После съезда ей удается положить Ольгу в больницу. Но и это не спасает – Ольгины погружения в мир забвения становились все более продолжительными.
Конечно, немало писателей тяжело пили. Пил Фадеев и Твардовский, Луговской и Светлов, Смеляков, Яшин, Антокольский, Давид Самойлов и Глазков. Военное поколение научилось пить на войне, военные сто грамм были романтизированы и опоэтизированы. Но после войны пьянство стало для многих единственной формой бегства от укоров совести и постоянного страха. Одним из таких был Фадеев.
Вот как описывает Твардовский, который и сам попадал в подобные палаты не раз, свой приход в больницу к Фадееву в июле 1953 года: "Он был мне очень жалок. Я видел, что и мне он не рад. Как в иные времена, что на душе у него плохо, он стыдится и боится, и томится всеми своими "обусловленностями", но по привычке "бодрится". И его было жаль, узника кремлевской палаты с отдельным душем и нужником, со всем комфортом, вроде того, как он пошутил, что он подобен гитлеровскому генералу в заключении в Западной Германии: уход, пища и т. д., и все же…"[128]
Вот так: на воле, а все равно что в тюрьме. Потому и вырывались к единственной для себя возможной свободе – пьянству.

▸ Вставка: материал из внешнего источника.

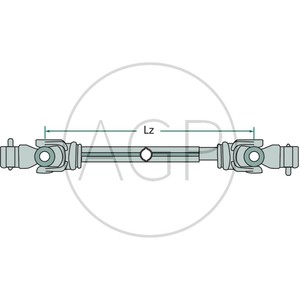 Kardanová hřídel Blueline italský systém délka (Lz) 860 mm B5, P7/P8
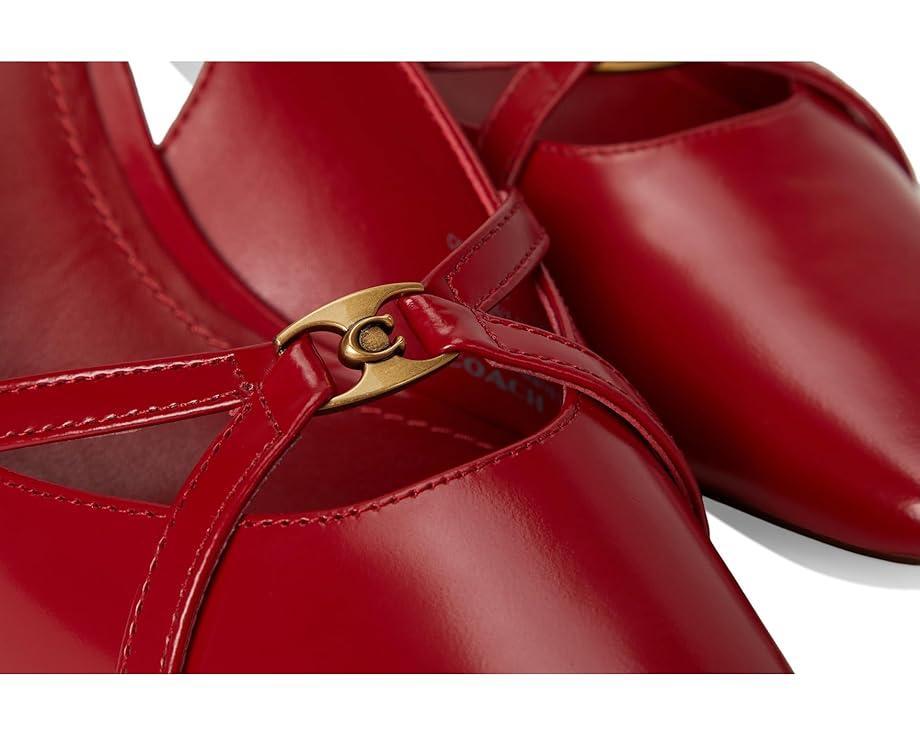 Carrie Metallic Leather Skimmer Product Image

Профессиональная жизнь советских литераторов: съезды, собрания, пленумы, постановления, исключения, одобрение линии партии – все это представлялось для тех, кто еще сохранил себя, страшным мороком, от которого хотелось бежать. И, наверное, Фадеев, да и не он один, мог бы разделить с Ольгой чувство, с которым написано это стихотворение:
Какая страшная ирония истории! Теперь для писателя "быть с народом" означало пить с народом. Вспоминать о войне с бывшими фронтовиками и блокадниками в забегаловках, в пивных, в подворотнях. Через пьяное братание чувствовать связь с простыми людьми. Только там говорить с ними "за правду". А для Ольги говорить "за правду" публично стало привычной формой существования. Она играла своего рода юродивую.
В пьяном виде она обличала начальников, высмеивала доносчиков, издевалась над лицемерами. И с ней ничего нельзя было сделать.
Ее выходки в Коктебеле приводили отдыхающих – солидных писателей, ученых – в замешательство. "Весь вечер и всю ночь Ольга будоражила Дом творчества и его именитых обитателей, – вспоминал Михаил Рабинович. – Она дерзила им. Известного итальянского физика, перебежавшего к нам, Бруно Понтекорво, она называла "Курва Понтебруно" или "Бруно Понтекурва". Всячески поносила внучку Горького, связанную в свое время с сыном Берия. Досталось и "графине" Л. Толстой, изображавшей эталон светской дамы. В ту же ночь в комнате, откуда все были изгнаны, кроме меня и жены, Ольга читала стихи, свои и чужие, известные и ненапечатанные. Ранним утром мы посадили ее в автобус, уходящий в Феодосию. С нею уезжала и Тамара Макарова. Шли светские проводы, чинные, неторопливые. Вдруг Ольга, вынув из сумочки глиняную свистульку (…подарок низкооплачиваемых собутыльников), громко свистнула, машина рванула, сорвав ритуал прощания…"[129]
У чиновников ее эскапады вызывали настоящий ужас.
Одну из таких историй вспоминал Даниил Гранин, который в то время был вторым секретарем Союза писателей Ленинграда.
Гранину передали жалобу на Ольгу с требованием исключить ее из партии. "Бумага была письмом из Комитета госбезопасности. Группа сотрудников сообщала, что они из своего дома отдыха поехали на экскурсию в дом творчества писателей в Малеевке. Приехали. На ступенях подъезда стояла Ольга Берггольц, узнав, что они из КГБ, она потребовала, чтобы они убирались вон: "Вы нас пытали, мучили, а теперь ездите к нам в гости, катитесь вы…" И далее следовали с ее стороны нецензурная брань, оскорбления. Это была не просто пьяная выходка, заявили они, это политический выпад, недопустимая клевета на органы… в заключение они требовали принять меры, считали, что такой человек не может быть членом партии, что это идет вразрез…
– Так что надо будет вам ее исключать из партии.